If you expected the Washington Capitals and the New York Rangers to play a highly physical series during their first-round matchup, they proved your forecast right in Game 2.
It took both teams a game and a half, and there was no proper fight on the ice, but the tension was steadily raised when Capitals’ forward T.J. Oshie and Rangers winger Artemi Panarin clashed at different points during the game played on Tuesday, April 23.
The former was the one who got things started and the latter responded in retaliation, leading to a series of exchanges on and off the ice during and after Game 2, one that ended in a 4-3 victory for the Rangers (2-0 in the series).
In the second period, Capitals’ Oshie escaped punishment from the referees following an action that could have led to a high-sticking penalty as he hit Panarin in the face from behind.
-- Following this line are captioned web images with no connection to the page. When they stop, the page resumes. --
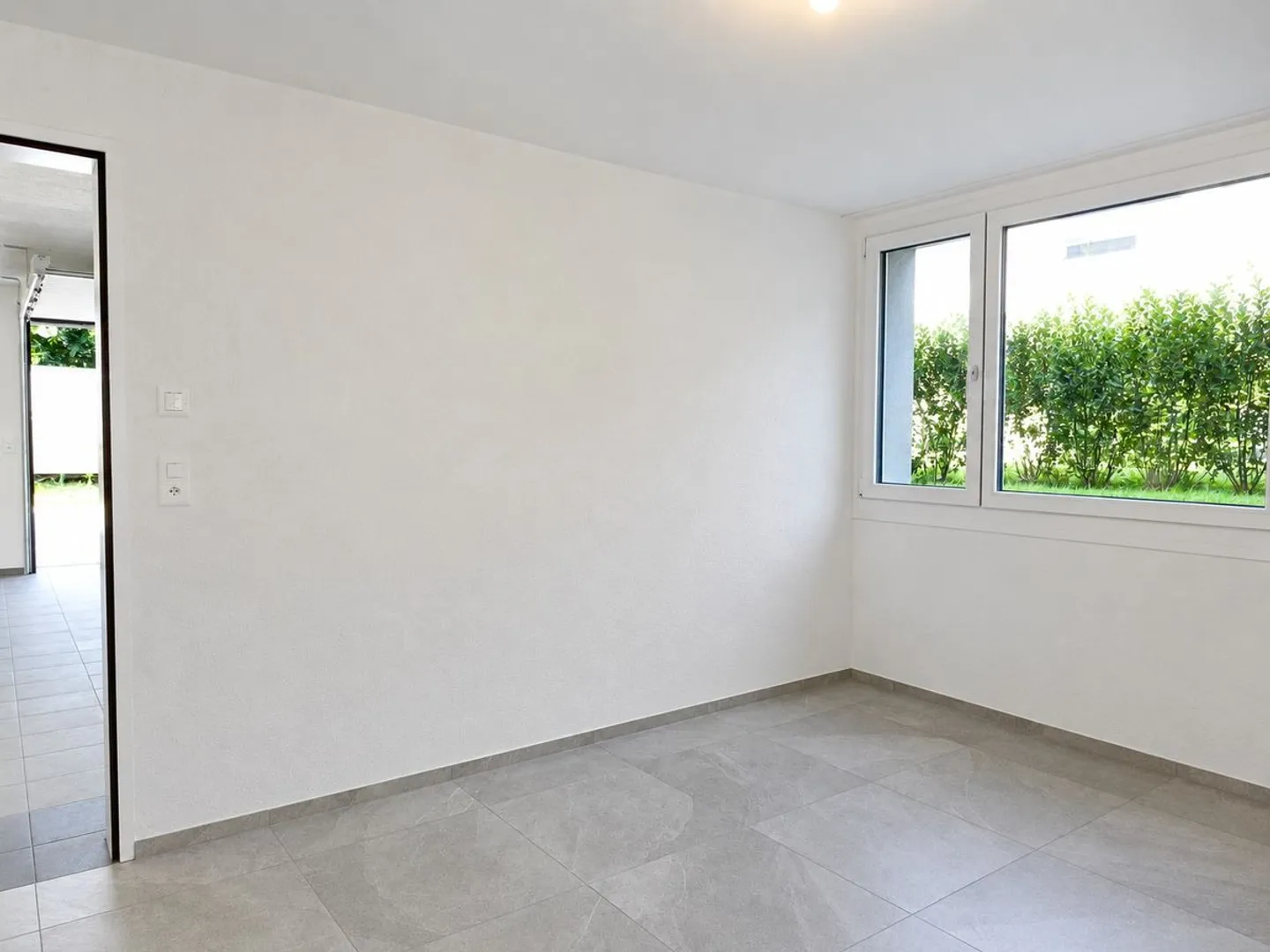 Geräumiges freistehendes Haus in Schübelbach - Foto 7 von 13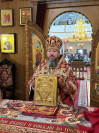 22-День поминовения усопших в главном храме Восточного Казахстана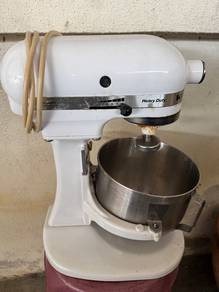 mixture kitchen aid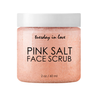 Himalayan Pink Salt Face Scrub - Tuesday in Love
The game went on without Oshie going to the penalty box and no other major altercations through the second period.
Later in the game, already in the third and final frame, Panarin dished out his revenge to Oshie by blasting him on the head with a shoulder, knocking him out of the game, and sending him to the locker helped by concussion spotters.
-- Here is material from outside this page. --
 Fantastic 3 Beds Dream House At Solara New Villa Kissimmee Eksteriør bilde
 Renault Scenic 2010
Panarin’s hit was reviewed by the referees on the ice but they couldn’t find a reason to call a major penalty on the Rangers forward.
Things Got Heated in Game 2 Between Capitals & Rangers
Although Oshie and Panarin put together a one-two sequence of hits on each other, one with the stick, the other with a shoulder to the head, none of them were punished by his action.
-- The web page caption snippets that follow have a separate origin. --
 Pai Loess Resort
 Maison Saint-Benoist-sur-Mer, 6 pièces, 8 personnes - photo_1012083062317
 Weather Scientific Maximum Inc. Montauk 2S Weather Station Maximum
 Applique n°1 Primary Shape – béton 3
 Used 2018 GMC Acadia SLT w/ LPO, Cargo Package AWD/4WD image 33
Instead, it was Capitals’ Connor McMichael who got tagged with a minor penalty for roughing as he chased Panarin following his hit on Oshie.
Capitals head coach Spencer Carbery told reporters after the game that he was confused by the calls on those actions, and other Washington players joined him in critiquing the way the referees have operated through the first two games of the series.
“They said it wasn’t a minor penalty,” Carbery told reporters after the game on April 23. “(It) was the only explanation I got. I asked a few follow-up questions with regards to leaving feet, point of contact, and the one thing that’s tricky is the spotter removed [Oshie].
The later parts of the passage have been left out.